══ The records ══

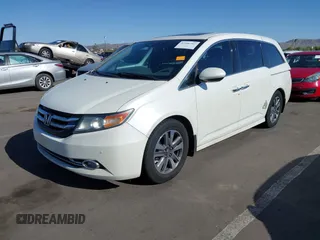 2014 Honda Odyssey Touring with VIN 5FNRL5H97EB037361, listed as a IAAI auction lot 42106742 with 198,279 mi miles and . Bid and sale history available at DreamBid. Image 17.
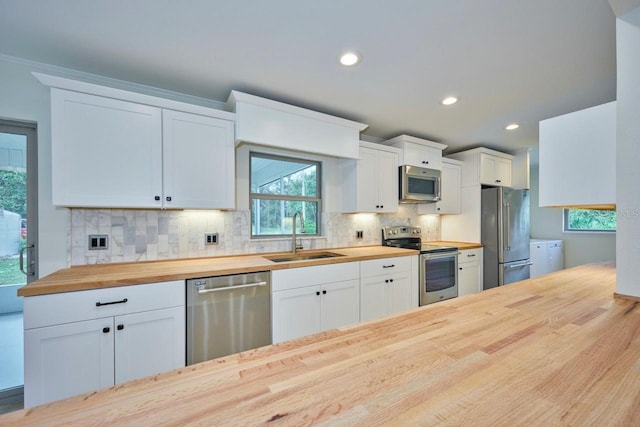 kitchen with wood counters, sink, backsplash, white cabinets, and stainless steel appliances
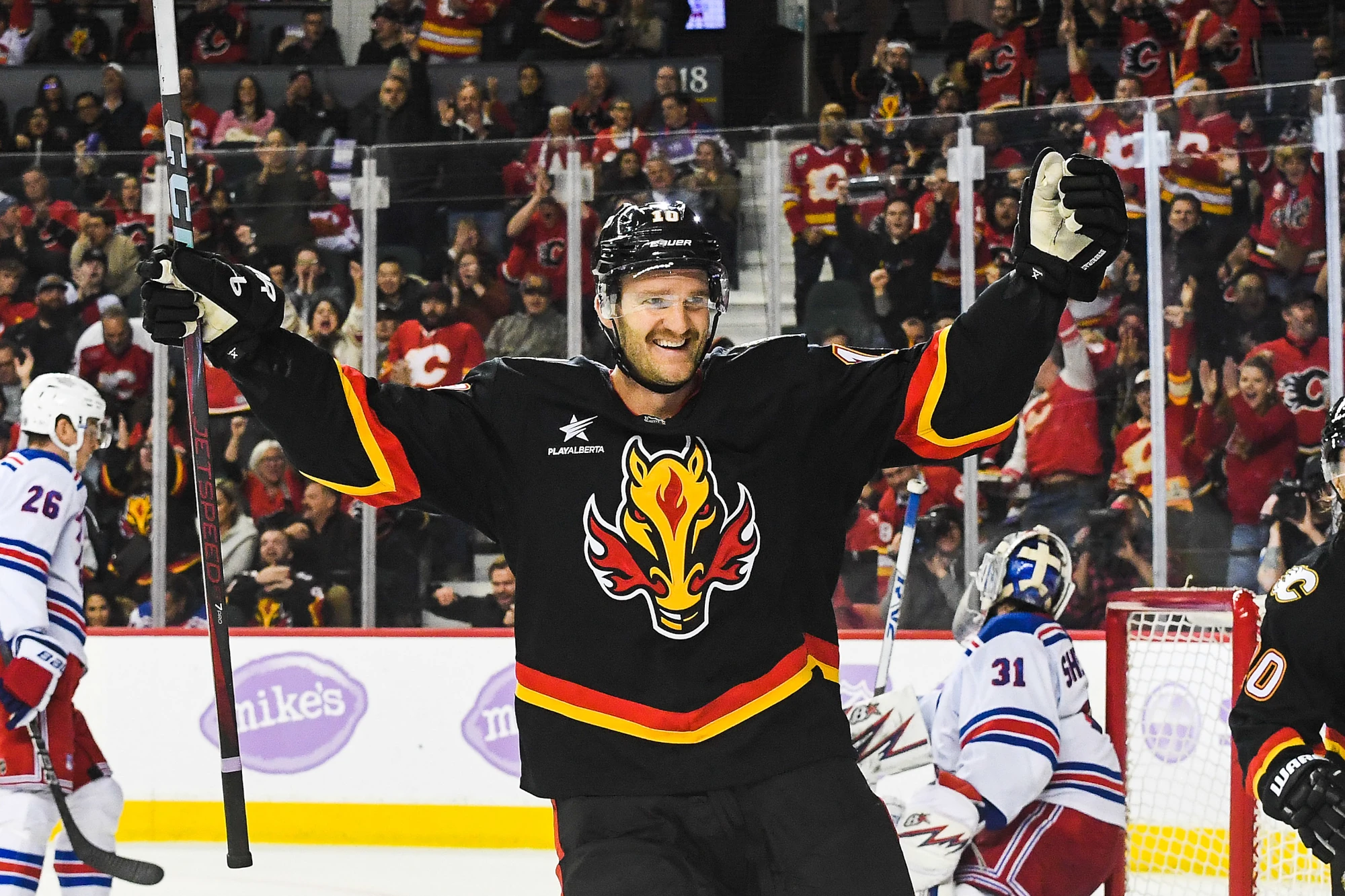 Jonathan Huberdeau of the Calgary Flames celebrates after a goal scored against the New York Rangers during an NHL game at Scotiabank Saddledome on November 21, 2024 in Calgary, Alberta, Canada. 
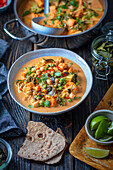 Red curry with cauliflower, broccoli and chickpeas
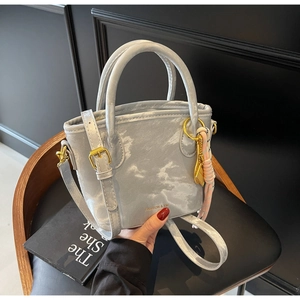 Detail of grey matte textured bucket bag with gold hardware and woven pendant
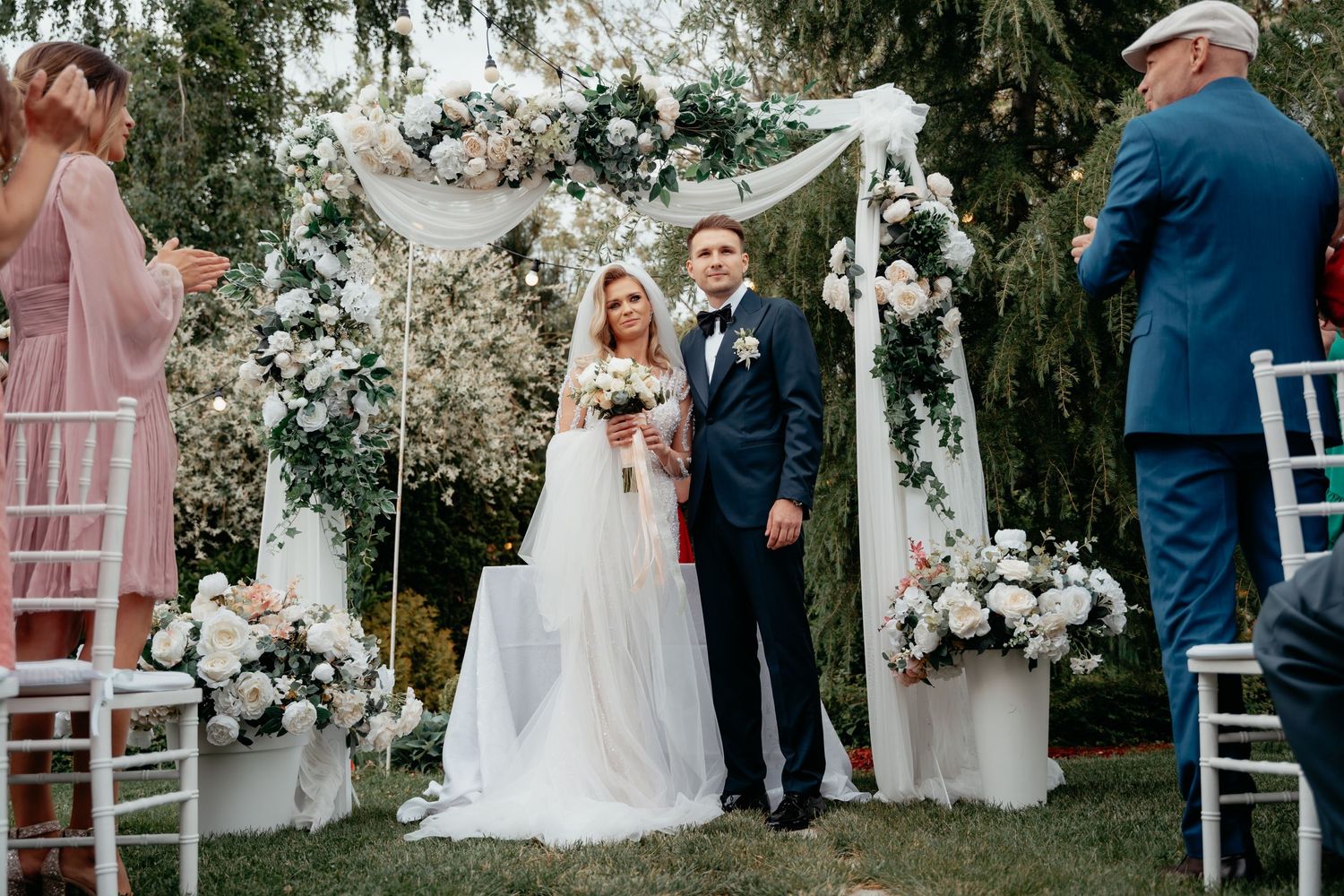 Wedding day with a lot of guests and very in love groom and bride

═══

What the task asks
Give back exactly the run of lines that opens the material above and ends at the line with "Red curry with". Omit the pictures.

Response below
 2014 Honda Odyssey Touring with VIN 5FNRL5H97EB037361, listed as a IAAI auction lot 42106742 with 198,279 mi miles and . Bid and sale history available at DreamBid. Image 17.
 kitchen with wood counters, sink, backsplash, white cabinets, and stainless steel appliances
 Jonathan Huberdeau of the Calgary Flames celebrates after a goal scored against the New York Rangers during an NHL game at Scotiabank Saddledome on November 21, 2024 in Calgary, Alberta, Canada. 
 Red curry with cauliflower, broccoli and chickpeas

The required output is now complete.